How COULD he do that??


Well, the me that thinks he knows "human nature" thinks he's caught glimpses of the Archbishop of Canterbury's snobbish attitude toward Americans (forgetting his Blair to our Bush)...but truly, I think he resulted to common "punishing" with backup thoughts of "being fair"...being fair always includes throwing the "outcasts" to Lions (when pressed). I'm afraid I lost any respect for the ABC a while back...I truly wanted him to be a more courageous fellow/leader than he is...also, he may be brilliant, but he's not that "quick" in the common sense department (or terribly ill advised).

Kirkepiscatoid said...

Well, you know, we're back to the task of being on the welcoming committee instead of the selection committee, aren't we?

Leonard said...

I love the welcoming committee...once I was on a vestry (2 yr member) and I was immediately put in charge of social events...quite a smash they turned out to be (in spite of a few old grimsters that grunted at all the success, and growth and FUN, Lord help us...FUN!)..I was quickly asked to join the Bishops Committee...also FUN and hospitable with a Bishop that SMILED and opened his heart and arms to everyone (everyone means everyone)...hospitable, yes, it's a hell of a great opening opportunity for more enlightening and loving of thy neighbor than slamming the door of hate in peoples face (or suggesting they have their plumbing reorganized because some dimwit/terrorfilled puritan extremist thinks it's more Godly!

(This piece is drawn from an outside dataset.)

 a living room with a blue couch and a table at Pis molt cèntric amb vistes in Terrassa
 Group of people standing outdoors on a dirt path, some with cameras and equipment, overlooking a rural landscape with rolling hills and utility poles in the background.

Yes, it's nice to throw open the doors and WELCOME everyone at The Episcopal Church...cross ventilation in a mixed, and opinionated, crowd helps one breath more easily.

Frank Remkiewicz aka “Tree” said...

Leobardo:
Here is the url. Come visit we would love to have you comment frequently!

http://realanglicans.blogspot.com/

Frank Remkiewicz aka “Tree” said...

Leonardo:
Sorry, sorry. I misspelled your name.